- _Information provided_
=== Begin Enclosure ===
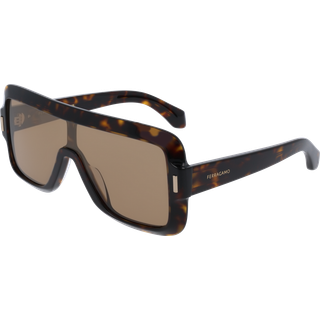 Ferragamo Kvinde SF2061SE 242 Solbriller Acetat Havana Maske Normal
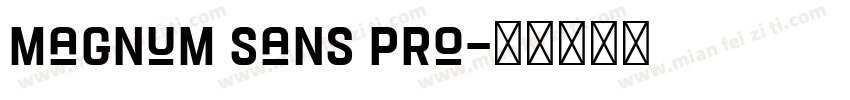 magnum sans pro字体转换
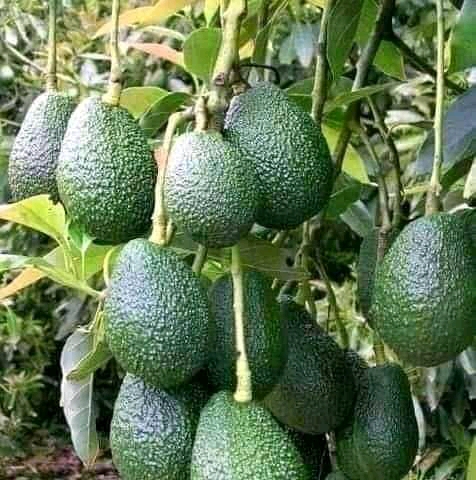 Naturally Grown Avocado From Uganda For Export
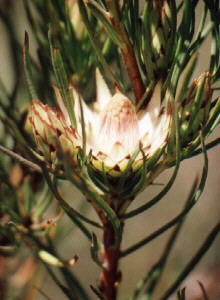 Photo: Nigel Forshaw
=== End Enclosure ===
- _Task to complete_
What you return should be only the lines from the line with "magnum sans pro字体转换" through the last line of the listing above, exactly, both ends included, pictures excluded.

- _Answer to this exercise_
 magnum sans pro字体转换
 Naturally Grown Avocado From Uganda For Export
 Photo: Nigel Forshaw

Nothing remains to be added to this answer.